If I’m being honest, it does all have an air of manic desperation about it, as if there is a general need to have “fun at any cost” because we feel that we’re supposed to. Somehow it’s expected. Of course if your idea of “fun” is drinking yourself into a coma, or pouncing on someone you find vaguely attractive and shoving a much resisted tongue in their mouth and expecting them to show some gratitude for the experience, there’s a good possibility that you had a good night, but for everyone else I imagine that, despite all the most hopeful of intentions for having a “happy” New Year, the reality of it was probably “iffy” at best.
In that sense, maybe a New Year’s party is a microcosm of our entire lives, and we’re all not just that terribly keen to look at ourselves in that light and find ourselves coming up short.
For myself I find it almost impossible to approach any New Year with a sense of hope or optimism, because it’s always got a strange undercurrent of fear lurking just beneath the surface. Such is the life of the terminally anxious. Will this be the year I finally stop getting away with it? Will this be the year when I finally balls everything up and everything falls apart? Will this be the year when I lose everything and everyone?
Obviously there’s always the possibility that things might just get better, but I imagine, for most of us, things will stay more or less the same. I look back on the year just passed and find it all a bit bland, more of a table wine than a vintage, but I suspect that I feel that about most years when I think about it.

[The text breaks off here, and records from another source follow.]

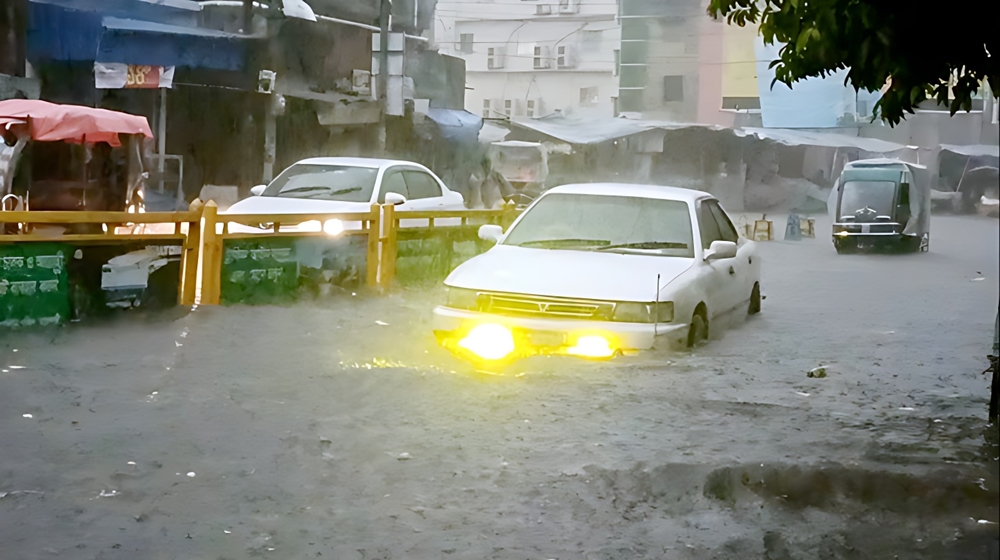 রেকর্ড বৃষ্টিপাত, পানিতে ভাসছে রাজশাহী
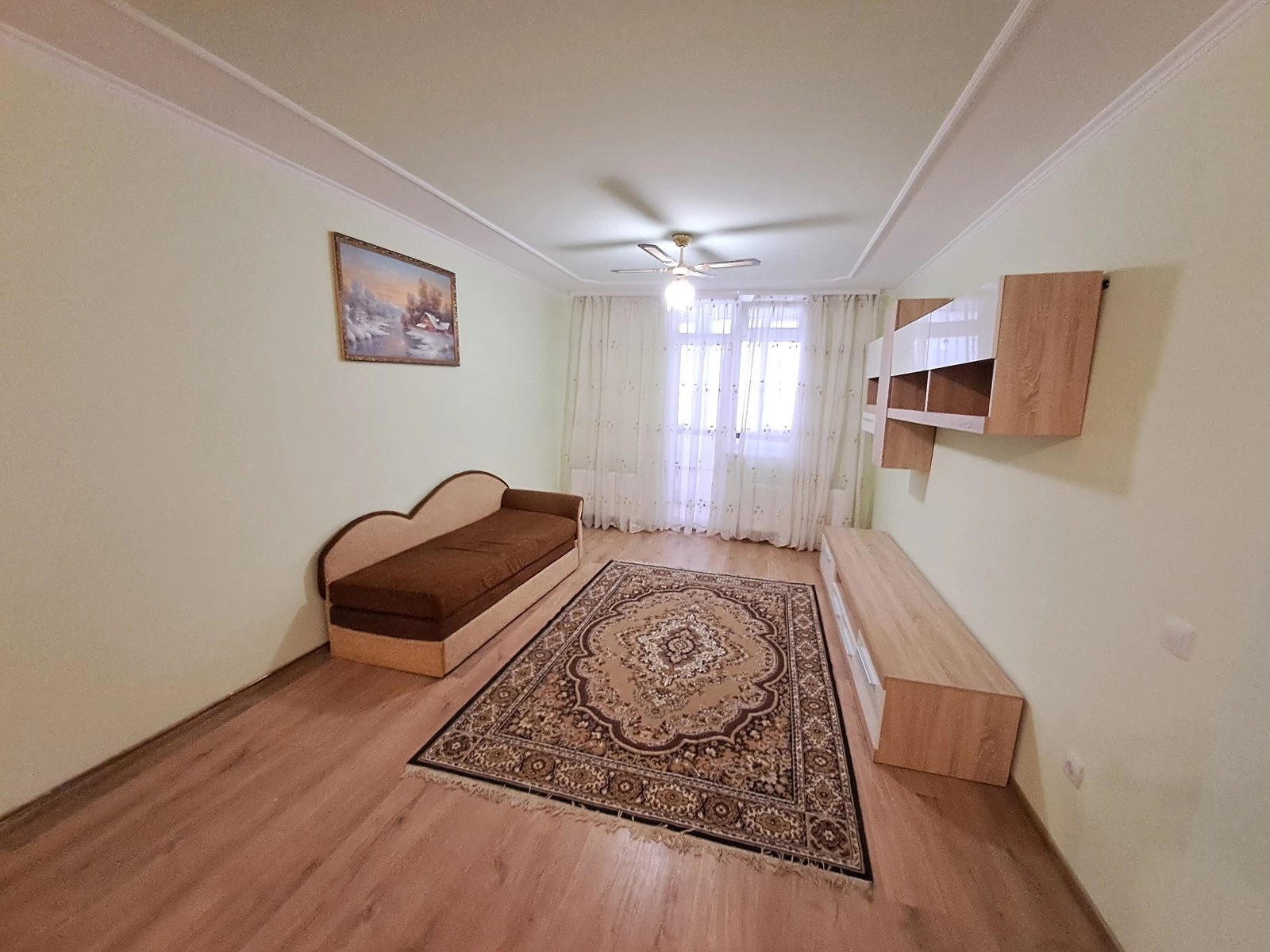 Apartment for rent. 2 rooms, 56 m², 10th floor/10 floors. 10, Akademika Sakharova vul., Ternopil. 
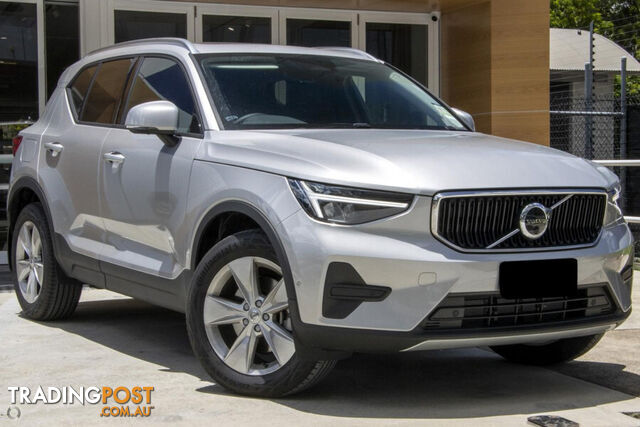 2025 VOLVO XC40 PLUS B4  SUV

The same grey and bleak landscape will greet me this morning as I saw at nightfall yesterday, although now it has the added gloominess of a lack of anything to look forward to added to its demeanour, as the time for merriment is now in the past and the need to pay for it all begins. The serious business of life and living is back on the agenda.
Maybe it’s time to book a holiday?
At least this New Year starts off being numerologically interesting with its opening day having the 1/1/11 label. All odd numbers of course, which is naturally suspicious, but the simplicity and symmetry of it is pretty enough to be encouraging.